10. SUBSEQUENT EVENTS

 

Reverse Stock Split

 

At Reviva's annual stockholders meeting held on December 18, 2025, the Company’s stockholders adopted and approved an amendment to our Amended and Restated Certificate of Incorporation to effect a reverse stock split of the Company's issued and outstanding shares of common stock, at a specific ratio, ranging from one-for-two (1:2) to one-for-twenty (1:20), at any time prior to December 31, 2026, with such ratio to be determined by our Board in its discretion.

 

On March 4, 2026, the Company filed the amendment to its Amended and Restated Certificate of Incorporation, as amended, with the Secretary of State of the State of Delaware to effect a reverse stock split of the Company's common stock at a ratio of one-for-twenty (1:20) (the “Reverse Stock Split”). The Reverse Stock Split became effective in accordance with the terms of the amendment at 12:01 a.m. Eastern Time on March 9, 2026 under a new CUSIP number, 76152G-209. All share, common stock warrant, prefunded warrant, restricted stock and common stock option amounts, and per share, per common stock warrant, per prefunded warrant, per restricted stock and per common stock option amounts, in this Annual Report on Form 10-K, have been retrospectively adjusted as appropriate to reflect the Reverse Stock Split.

 

ATM Sales Activity

 

From January 1, 2026 through February 26, 2026, the Company sold 570,845 shares of common stock pursuant to the May 2025 ATM Sales Agreement for net proceeds of approximately $2.5 million after deducting sales agent commissions and other offering expenses of approximately $0.1 million.

 

March 2026 Public Offering

 

On March 20, 2026, the Company closed a public offering (the “March 2026 Public Offering”) conducted pursuant to a placement agency agreement (the “March 2026 Placement Agency Agreement”) and securities purchase agreements with certain investors participating in the offering (the “March 2026 Securities Purchase Agreements”), pursuant to which the Company issued and sold (i) an aggregate of 6,283,334 shares of common stock, (ii) pre-funded warrants (the “March 2026 Pre-Funded Warrants”) exercisable for an aggregate of up to 383,333 shares of common stock (the “March 2026 Pre-Funded Warrant Shares”), (iii) Series G warrants (the “Series G Warrants”) exercisable for an aggregate of up to 6,666,667 shares of common stock (the “Series G Warrant Shares”) and (iv) Series H warrants (the “Series H Warrants” and together with the Series G Warrants, the “March 2026 Common Stock Warrants”) exercisable for an aggregate of up to 6,666,667 shares of common stock (the “Series H Warrant Shares” and together with the March 2026 Pre-Funded Warrant Shares and Series G Warrant Shares, the “March 2026 Warrant Shares”), for aggregate gross proceeds of $10.0 million.

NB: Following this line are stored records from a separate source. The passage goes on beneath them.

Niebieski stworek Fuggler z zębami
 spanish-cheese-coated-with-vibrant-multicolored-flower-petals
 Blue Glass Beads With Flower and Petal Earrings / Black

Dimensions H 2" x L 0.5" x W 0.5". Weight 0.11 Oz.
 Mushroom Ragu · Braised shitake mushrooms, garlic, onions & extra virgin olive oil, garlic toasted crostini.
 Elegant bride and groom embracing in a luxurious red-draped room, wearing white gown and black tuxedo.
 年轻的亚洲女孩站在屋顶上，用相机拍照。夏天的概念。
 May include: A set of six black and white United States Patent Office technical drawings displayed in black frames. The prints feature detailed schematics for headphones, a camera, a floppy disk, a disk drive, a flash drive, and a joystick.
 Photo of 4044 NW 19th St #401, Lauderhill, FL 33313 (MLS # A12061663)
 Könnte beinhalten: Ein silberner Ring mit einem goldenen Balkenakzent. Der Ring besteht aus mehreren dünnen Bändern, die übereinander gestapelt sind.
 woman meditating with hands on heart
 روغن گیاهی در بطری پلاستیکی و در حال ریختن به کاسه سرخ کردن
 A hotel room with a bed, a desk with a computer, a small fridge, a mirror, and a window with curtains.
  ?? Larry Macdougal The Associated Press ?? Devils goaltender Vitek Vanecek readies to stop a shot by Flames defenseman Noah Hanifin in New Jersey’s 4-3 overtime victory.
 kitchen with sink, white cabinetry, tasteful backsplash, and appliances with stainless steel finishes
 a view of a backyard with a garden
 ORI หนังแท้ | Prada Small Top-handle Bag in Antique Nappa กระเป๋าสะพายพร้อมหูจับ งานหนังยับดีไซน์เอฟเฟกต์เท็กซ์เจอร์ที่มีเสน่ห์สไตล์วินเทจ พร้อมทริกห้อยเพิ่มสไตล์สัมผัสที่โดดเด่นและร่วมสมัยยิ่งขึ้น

Each share of common stock (or March 2026 Pre-Funded Warrant in lieu thereof) was sold together with (i) a Series G Warrant to purchase one share of common stock and (ii) a Series H Warrant to purchase one share of common stock, at a combined public offering price of $1.50 per share of common stock and accompanying March 2026 Common Stock Warrants (or a combined public offering price of $1.4999 per March 2026 Pre-Funded Warrant and accompanying March 2026 Common Stock Warrants). The March 2026 Pre-Funded Warrants have an exercise price of $0.0001 per share and will expire when exercised in full. The Series G Warrants are exercisable immediately, have a term of five years from the date of issuance and have an exercise price of $1.50 per share. The Series H Warrants are exercisable immediately, have a term of twelve months and have an exercise price of $1.50 per share. The net proceeds to the Company from the March 2026 Public Offering were approximately $8.9 million, after deducting Placement Agent fees and expenses and other offering expenses payable by the Company.